Since
\(\Cor \circ \Res = [G:H]\) (
Example 3.2.24),
\(\Res(\gamma)\) generates
\(H^2(H,\Res^G_H M)\) for any
\(H\text{.}\) We start out by explicitly constructing a
\(G\)-module containing
\(M\) in which
\(\gamma\) becomes a coboundary.
Choose a 2-cocycle \(\phi\colon G^3 \to M\) representing \(\gamma\text{;}\) by the definition of a cocycle,
\begin{gather*}
\phi(g_0 g, g_1 g, g_2 g) = \phi(g_0, g_1, g_2)^g\\
\phi(g_1, g_2, g_3) - \phi(g_0, g_2, g_3) + \phi(g_0, g_1, g_3) - \phi(g_0, g_1, g_2) = 0\text{.}
\end{gather*}
Moreover, \(\phi\) is a coboundary if and only if it is of the form \(d(\rho)\text{,}\) that is, \(\phi(g_0, g_1, g_2) = \rho(g_1, g_2) - \rho(g_0, g_2) + \rho(g_0, g_1)\text{.}\) This \(\rho\) must itself be \(G\)-invariant: \(\rho(g_0, g_1)^g = \rho(g_0g, g_1g)\text{.}\) Thus \(\phi\) is a coboundary if and only if
\begin{equation*}
\phi(e, g, hg) = \rho(e,h)^g - \rho(e,hg) + \rho(e,g)\text{.}
\end{equation*}
Let \(M[\phi]\) be the direct sum of \(M\) with the free abelian group with one generator \(x_g\) for each element \(g\) of \(G - \{e\}\text{,}\) with the \(G\)-action
\begin{equation*}
x_h^g = x_{hg} - x_g + \phi(e, g, hg)\text{.}
\end{equation*}
(The symbol \(x_e\) should be interpreted as the element \(\phi(e,e,e)\) of \(M\text{.}\)) Using the cocycle property of \(\phi\text{,}\) one may verify that this is indeed a \(G\)-action; by construction, the cocycle \(\phi\) becomes zero in \(H^2(G, M[\phi])\) by setting \(\rho(e,g) = x_g\text{.}\) (Milne calls \(M[\phi]\) the splitting module of \(\phi\text{.}\)) Moreover, by the same token, for any \(H\text{,}\) the restriction of \(\phi\) to \(H\) also becomes zero in \(H^2(H, \Res^G_H M[\phi])\text{.}\)

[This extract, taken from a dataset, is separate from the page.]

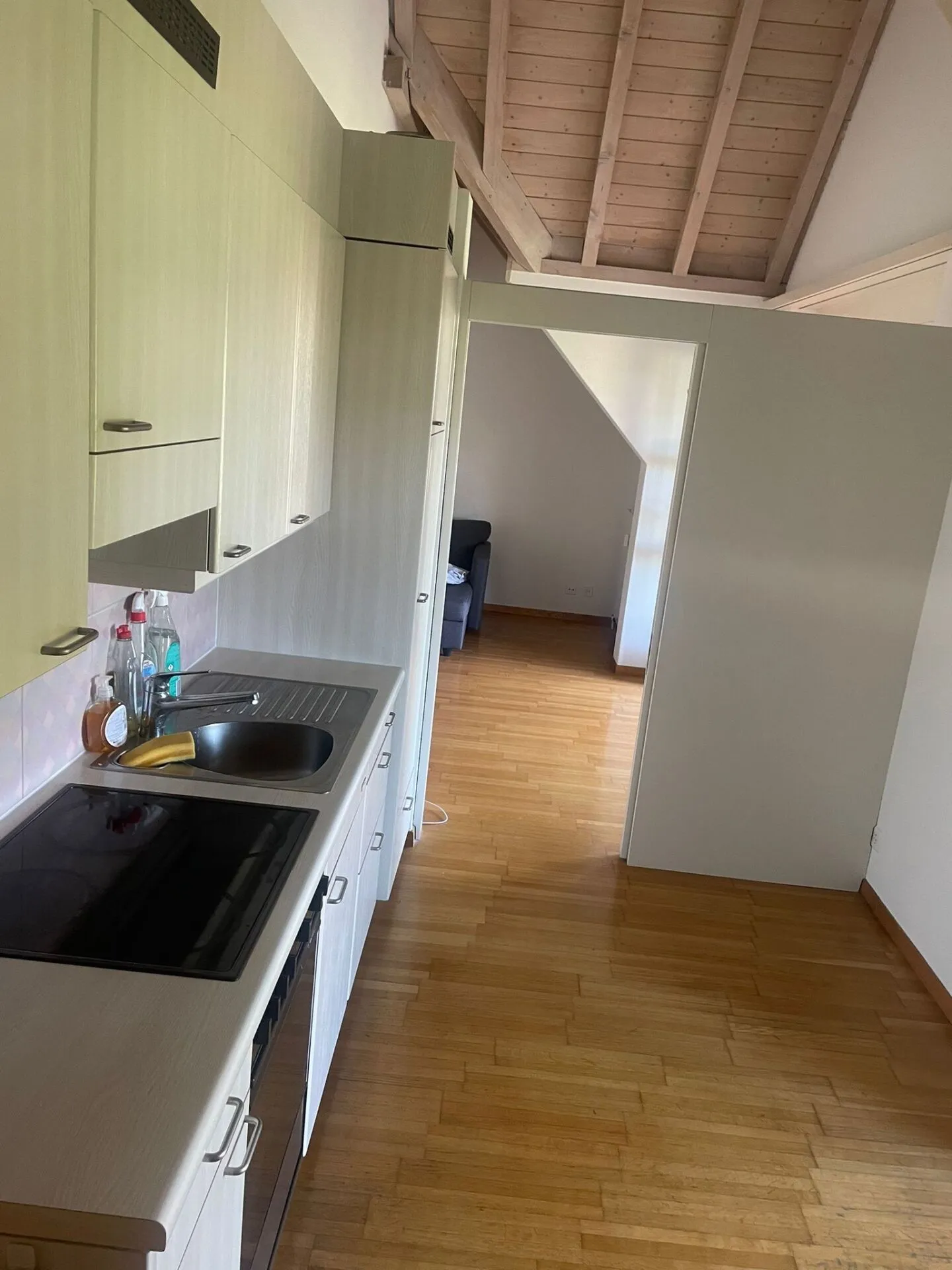 Geräumige 2.5-Zimmerwohnung sucht Mieter! - Foto 2 von 7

The map \(\alpha\colon M[\phi] \to \ZZ[G]\) sending \(M\) to zero and \(x_g\) to \([g]-1\) is a homomorphism of \(G\)-modules. Actually it maps into the augmentation ideal \(I_G\text{,}\) and the sequence
\begin{equation*}
0 \to M \to M[\phi] \to I_G \to 0
\end{equation*}
is exact. Meanwhile, we also have the usual exact sequence
\begin{equation*}
0 \to I_G \to \ZZ[G] \to \ZZ \to 0\text{.}
\end{equation*}
For any subgroup \(H\) of \(G\text{,}\) we can restrict to \(H\)-modules (which we leave out of the notation for brevity), then take the long exact sequence. In the second case, since \(\ZZ[G]\) is induced (for \(G\) and hence for \(H\)), its Tate groups all vanish and we get a dimension shift:
\begin{align*}
H^1(H, I_G) &\cong H^0_T(H, \ZZ) = \ZZ/(\#H)\ZZ\\
H^2(H, I_G) &\cong H^1(H, \ZZ) = 0\text{.}
\end{align*}
In the first case, we get
\begin{gather*}
0 = H^1(H, M) \to H^1(H, M[\phi]) \to H^1(H, I_G)\\
\to H^2(H, M) \to H^2(H, M[\phi]) \to H^2(H, I_G) = 0\text{.}
\end{gather*}
Moreover, the map into \(H^2(H, M[\phi])\) vanishes by construction, so in fact \(H^2(H, M[\phi]) = 0\text{.}\) Now \(H^1(H, I_G) \to H^2(H,M)\) is a surjective map between two finite (even cyclic) groups of the same order \(\#H\text{,}\) so the map is also injective and \(H^1(H, M[\phi]) = 0\text{.}\)
We may now apply
Lemma 4.3.3 to conclude that
\(H^i_T(G, M[\phi]) = 0\) for all
\(i\text{.}\) This allows us to use the four-term exact sequence
\begin{equation*}
0 \to M \to M[\phi] \to \ZZ[G] \to \ZZ \to 0
\end{equation*}
(as in the proof of
Theorem 3.4.1) to obtain the dimension-shifting isomorphism
\(H^i_T(G, \ZZ) \cong H^{i+2}_T(G, M)\text{.}\)